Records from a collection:
- - - - -
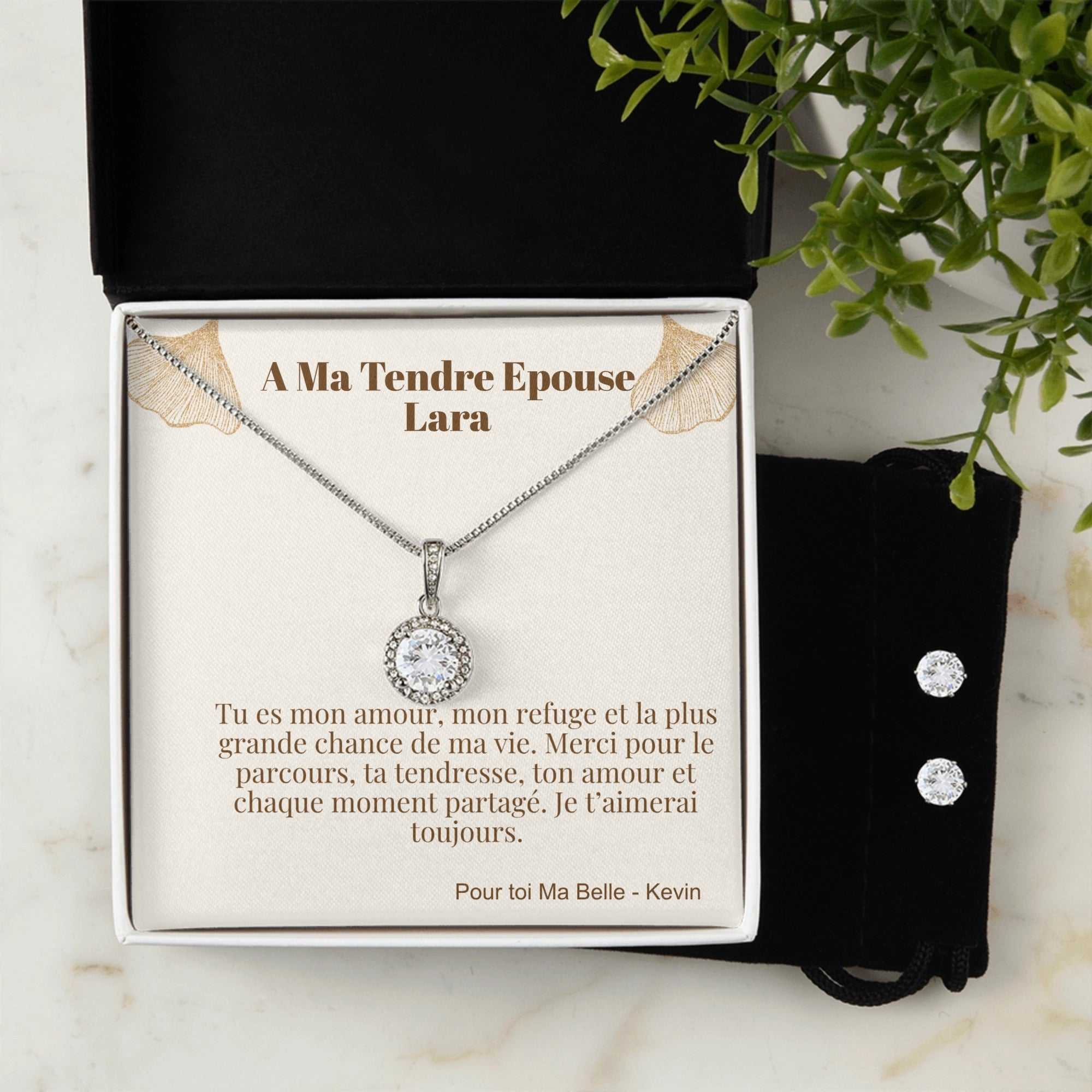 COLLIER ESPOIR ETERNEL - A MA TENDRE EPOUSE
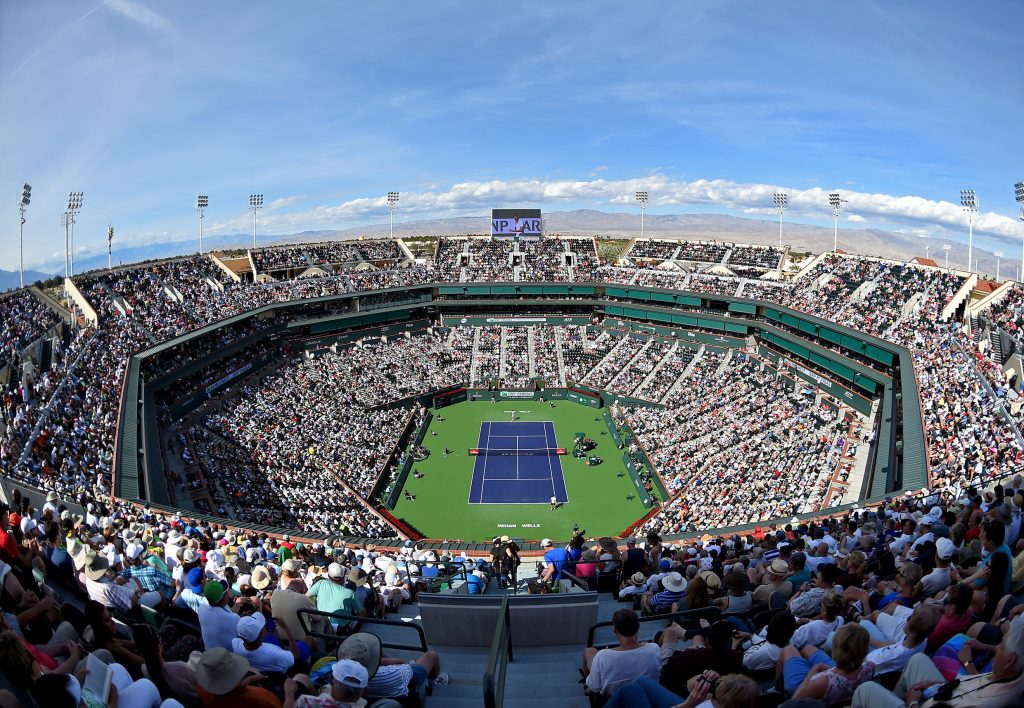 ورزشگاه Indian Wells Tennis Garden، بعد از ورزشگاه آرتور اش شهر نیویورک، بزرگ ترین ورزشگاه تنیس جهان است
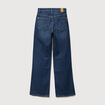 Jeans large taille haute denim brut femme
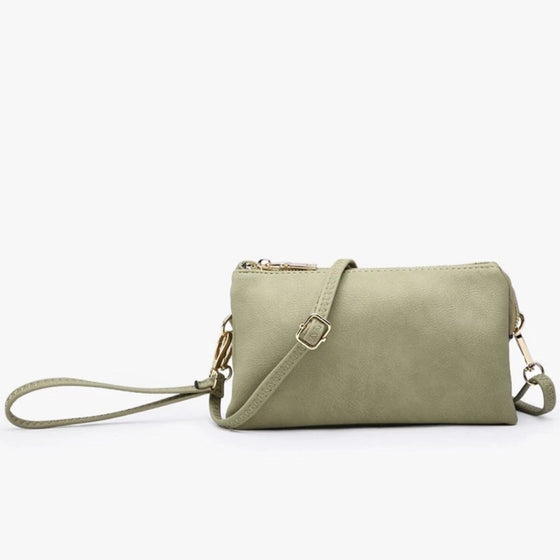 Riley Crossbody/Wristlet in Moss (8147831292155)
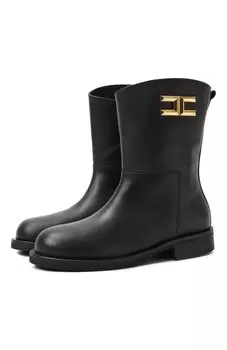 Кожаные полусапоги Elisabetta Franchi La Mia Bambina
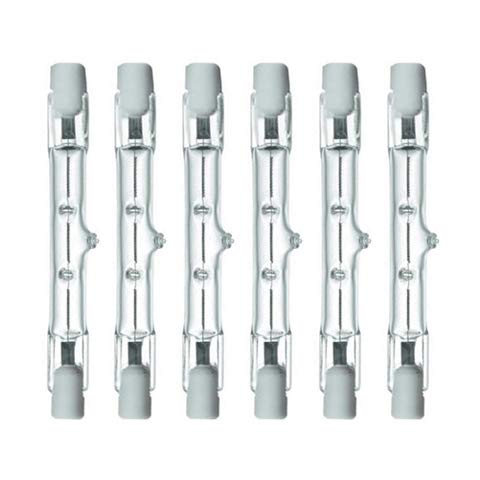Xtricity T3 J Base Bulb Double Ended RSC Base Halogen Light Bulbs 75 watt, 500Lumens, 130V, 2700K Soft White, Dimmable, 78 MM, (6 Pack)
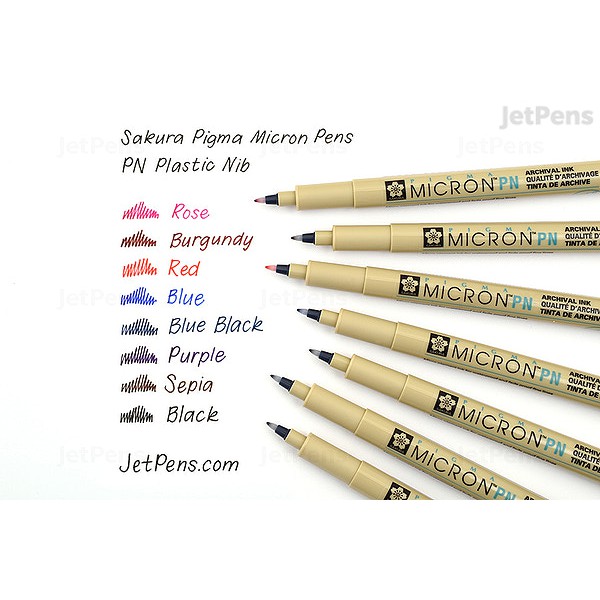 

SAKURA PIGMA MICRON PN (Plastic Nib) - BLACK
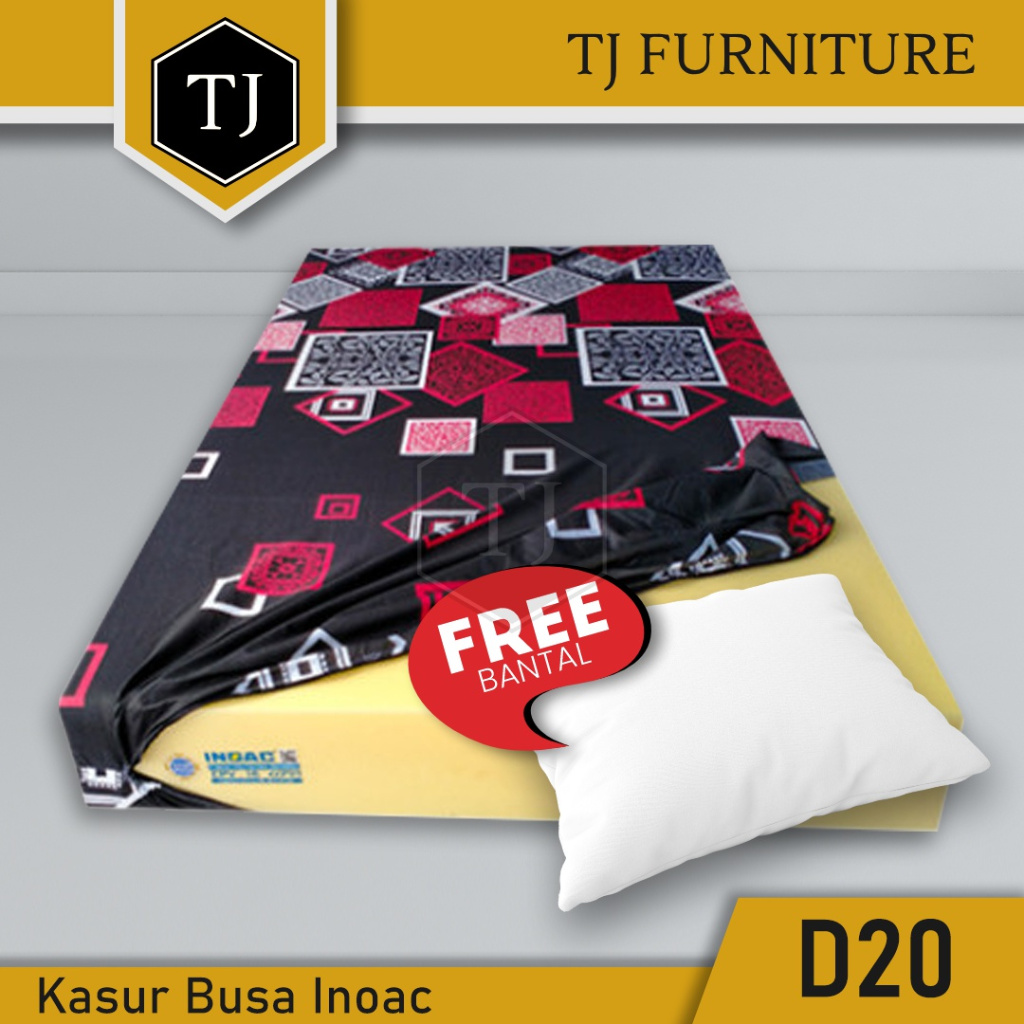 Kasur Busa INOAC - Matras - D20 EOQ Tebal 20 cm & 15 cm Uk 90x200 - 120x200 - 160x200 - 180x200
- - - - -
Every line from the one holding "ورزشگاه Indian Wells" through the end of the records above must be reproduced verbatim, pictures excepted.

Reply >>
 ورزشگاه Indian Wells Tennis Garden، بعد از ورزشگاه آرتور اش شهر نیویورک، بزرگ ترین ورزشگاه تنیس جهان است
 Jeans large taille haute denim brut femme
 Riley Crossbody/Wristlet in Moss (8147831292155)
 Кожаные полусапоги Elisabetta Franchi La Mia Bambina
Xtricity T3 J Base Bulb Double Ended RSC Base Halogen Light Bulbs 75 watt, 500Lumens, 130V, 2700K Soft White, Dimmable, 78 MM, (6 Pack)

SAKURA PIGMA MICRON PN (Plastic Nib) - BLACK
 Kasur Busa INOAC - Matras - D20 EOQ Tebal 20 cm & 15 cm Uk 90x200 - 120x200 - 160x200 - 180x200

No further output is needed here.